Monday, February 12, 2007

Eelroad

It's vexing to be able to "read" Estonian, while not knowing the first thing about Estonian etymology. Since Estonian uses the Latin alphabet, one's recognition of familiar patterns and letter-combinations and the tendency to "sound out" creates an illusion of a transferable literacy that is completely, and consistently, wrong. In the realm of foodstuffs, we initially stuck to things we managed to correctly divine, like the everpresent "kartulisalat" (potato+salad), invariably swimming in "majonees". As for city orienteering vocab, because of their ubiquity, it was easy to guess that a shop was a "pood". We quickly noted that a bar was a "baar", a club, a "klubi" and a pub, a "pubi".

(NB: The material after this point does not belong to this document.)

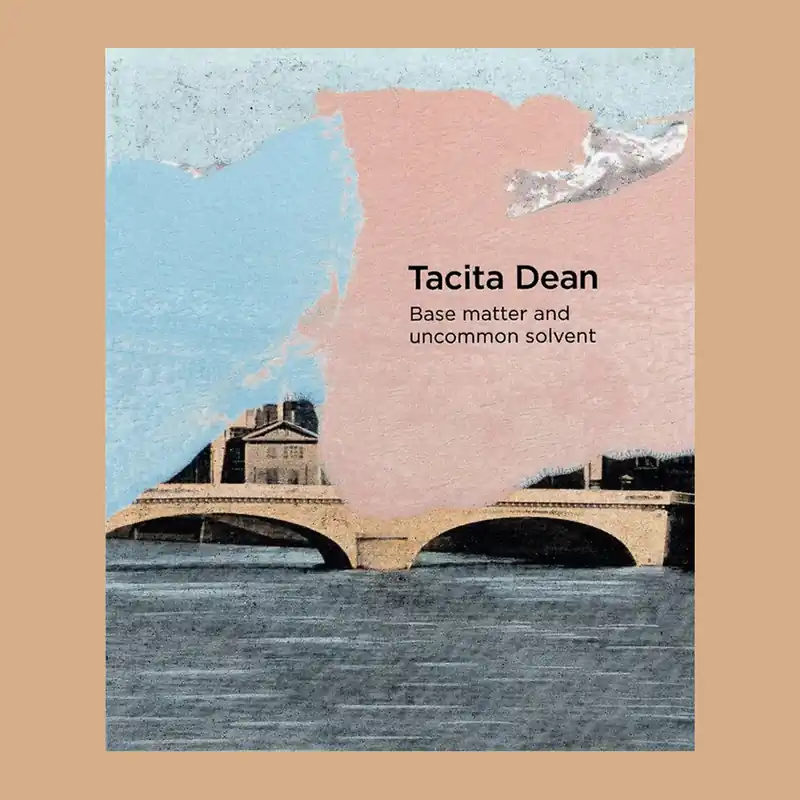 Express Levering Tacita Dean: Base Matter and Uncommon Solvent. Drawings, Prints, Collages, and Objects 1988-2024 (Signed Copy)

I didn't sample anything "eelroad" for a while -- my loss -- as nothing eel-like is involved (marinated lamprey is, mind you, a local favourite) ... these are simply "appetizers". Meat is "liha". I keep thinking that "sealiha" is fish, i.e. sea-meat, but it's actually "pork". "Sink" is ham. Milk is "piim". Sour cream is "hapukoor". Carrots are "porgandi" and cabbage is "kapsas".

Despite the success of this supermarket cryptanalysis, the pressing annoyance now consists in not knowing how to properly pronounce these words. For one, "pood" should not rhyme with "crude", though that's the way it currently sounds in my version.